The origin of townships in SA is deeply rooted in the segregationist policies that existed long before apartheid was established and formalised in 1948.
Before then, governments had already begun structuring cities around racial separation through law and urban design.
This was later intensified and systematised under apartheid through legislation such as the Group Areas Act, which enforced strict racial zoning in urban areas.
This system was not only about separation but about spatial control. It created cities in which black South Africans were positioned close enough to supply labour to urban economies but deliberately excluded from full participation in the urban core, where access to opportunity, infrastructure and mobility was structurally uneven.
To acknowledge that apartheid spatial planning continues to shape present-day inequality is not the same as reducing township residents to permanent victims of history.
Overemphasis on victimhood can obscure agency, flatten the diversity of lived experience and easily narrow the range of possible solutions
Although townships were originally constructed as instruments of control and containment, there has been a shift towards permanent, functioning communities with the expansion of access to services.
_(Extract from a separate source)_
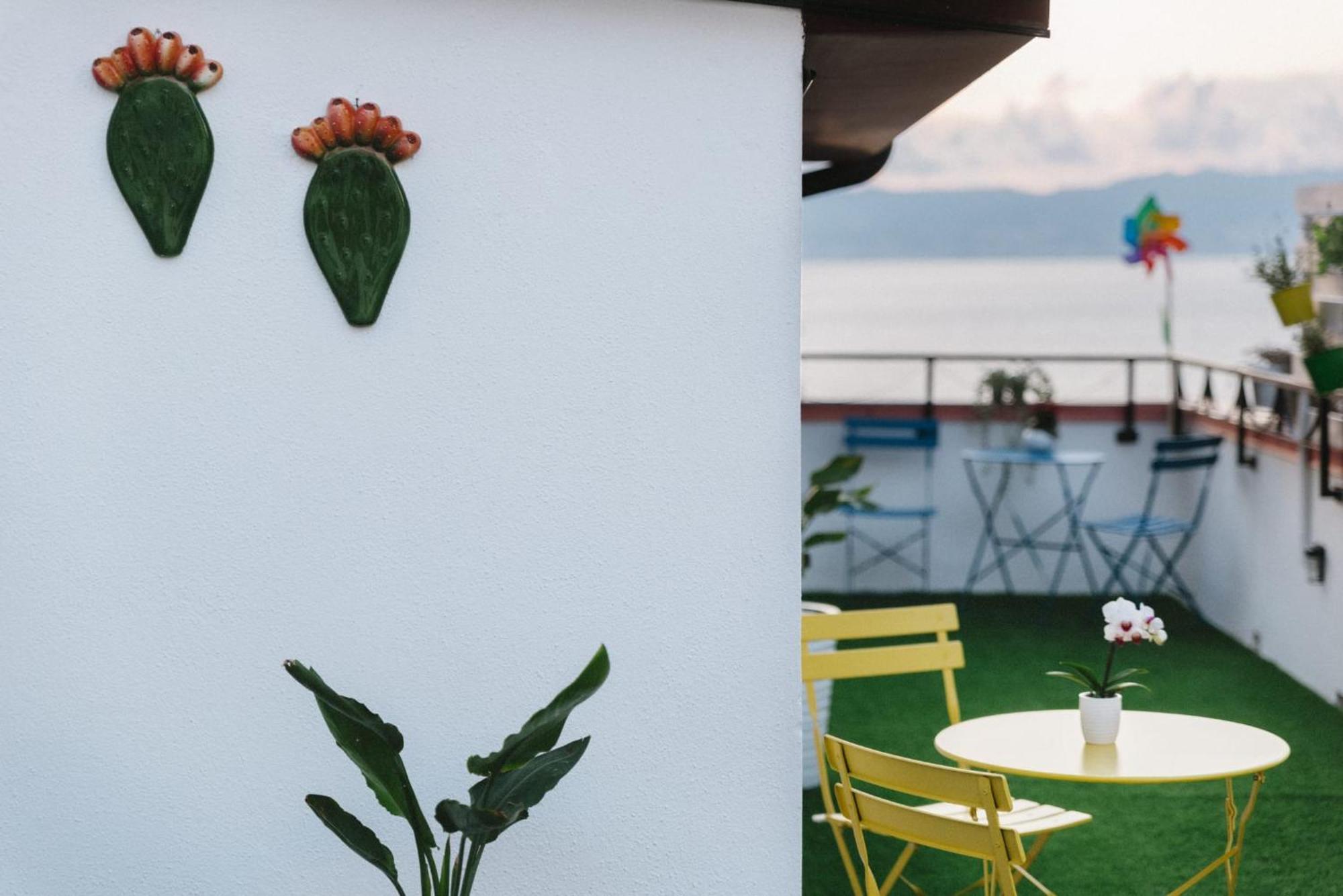 B&B Fuori Squadro - In Centro Con Terrazza Relax Vista Mare Reggio di Calabria Zewnętrze zdjęcie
Though still uneven, they have since evolved into permanent, complex urban environments.
Despite this evolution, the spatial consequences of their origin remain visible in the structure of South African cities today.
This raises an important question about how we speak about townships and social mobility. There is a common narrative that associates success with “getting out” of township spaces, often implying that upward mobility is only legitimate once it is physically expressed through relocation.
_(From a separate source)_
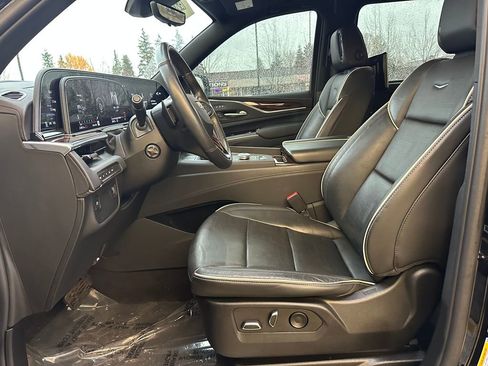 Used 2023 Cadillac Escalade ESV Premium Luxury AWD/4WD image 21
While this is understandable at an individual level, the framing becomes limited when applied as a general social prescription for everyone.
To an extent, mass movement out of townships presents serious spatial and economic constraints. Urban systems are not infinitely elastic.
Large-scale relocation into already established suburbs would intensify demand and place additional strain on infrastructure and other services.
It would also contribute to overcrowding in areas that are already under pressure due to existing urban migration patterns.
Many township spaces function through the dense local circulation of money, informal trade and small-scale enterprises. The extraction of the population without equivalent reinvestment risks hollowing out these internal economic systems, rather than transforming them.
At the same time, such movement could unintentionally weaken township economies.
The more precise issue is not simply where people live, but how opportunity is distributed across space. Townships were designed to concentrate economic access in specific urban zones, and although the legal framework of apartheid has ended, the spatial logic it produced remains partially intact.
As a result, mobility alone cannot resolve inequality if opportunity continues to be unevenly located.
The challenge is not to frame success purely as exit from township environments, but to rethink how urban space itself functions. Sustainable transformation requires both mobility and redistribution.
The fact of the matter is that people will move as they always have in any urban system, but opportunity must also be expanded inward through infrastructure, investment and economic integration so we don’t suffer an imbalance in an attempt to improve systems.
Ultimately, we need to question not why people remain in townships amid the stern encouragement for them to leave, but why opportunity remains so unevenly distributed across the urban landscape and how cities can be restructured in a way that acknowledges historical reality without allowing that to define future possibility.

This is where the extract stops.